Short text fragments from websites:
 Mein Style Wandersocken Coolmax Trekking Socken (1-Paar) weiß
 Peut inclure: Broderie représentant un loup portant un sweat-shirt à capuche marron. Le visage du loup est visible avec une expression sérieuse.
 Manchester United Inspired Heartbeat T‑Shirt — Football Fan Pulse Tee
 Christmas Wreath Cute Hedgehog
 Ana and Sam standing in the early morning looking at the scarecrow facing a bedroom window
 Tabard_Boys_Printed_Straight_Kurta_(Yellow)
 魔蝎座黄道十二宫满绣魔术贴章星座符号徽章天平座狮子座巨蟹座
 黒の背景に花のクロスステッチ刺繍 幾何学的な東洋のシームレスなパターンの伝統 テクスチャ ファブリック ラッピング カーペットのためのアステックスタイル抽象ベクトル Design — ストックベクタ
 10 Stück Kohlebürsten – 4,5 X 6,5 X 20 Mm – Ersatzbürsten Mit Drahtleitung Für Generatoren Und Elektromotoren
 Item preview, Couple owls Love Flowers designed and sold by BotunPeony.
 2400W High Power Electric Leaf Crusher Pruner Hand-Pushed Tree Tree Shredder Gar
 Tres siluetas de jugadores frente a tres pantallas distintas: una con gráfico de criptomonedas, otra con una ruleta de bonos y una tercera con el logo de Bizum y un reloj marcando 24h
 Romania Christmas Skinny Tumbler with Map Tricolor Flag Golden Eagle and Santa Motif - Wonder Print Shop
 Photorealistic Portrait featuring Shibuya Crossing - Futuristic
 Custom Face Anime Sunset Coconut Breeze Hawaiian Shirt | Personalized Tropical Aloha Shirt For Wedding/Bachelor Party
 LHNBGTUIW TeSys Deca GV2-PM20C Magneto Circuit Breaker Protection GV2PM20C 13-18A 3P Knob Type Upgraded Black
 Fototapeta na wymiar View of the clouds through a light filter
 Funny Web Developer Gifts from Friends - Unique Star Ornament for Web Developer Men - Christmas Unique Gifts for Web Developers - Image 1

WHAT THE TASK REQUIRES: Output the lines from the one with "Item preview, Couple" through the end of the records above, exactly, including both ends, and nothing besides.

RESPONSE TO THE EXERCISE:
 Item preview, Couple owls Love Flowers designed and sold by BotunPeony.
 2400W High Power Electric Leaf Crusher Pruner Hand-Pushed Tree Tree Shredder Gar
 Tres siluetas de jugadores frente a tres pantallas distintas: una con gráfico de criptomonedas, otra con una ruleta de bonos y una tercera con el logo de Bizum y un reloj marcando 24h
 Romania Christmas Skinny Tumbler with Map Tricolor Flag Golden Eagle and Santa Motif - Wonder Print Shop
 Photorealistic Portrait featuring Shibuya Crossing - Futuristic
 Custom Face Anime Sunset Coconut Breeze Hawaiian Shirt | Personalized Tropical Aloha Shirt For Wedding/Bachelor Party
 LHNBGTUIW TeSys Deca GV2-PM20C Magneto Circuit Breaker Protection GV2PM20C 13-18A 3P Knob Type Upgraded Black
 Fototapeta na wymiar View of the clouds through a light filter
 Funny Web Developer Gifts from Friends - Unique Star Ornament for Web Developer Men - Christmas Unique Gifts for Web Developers - Image 1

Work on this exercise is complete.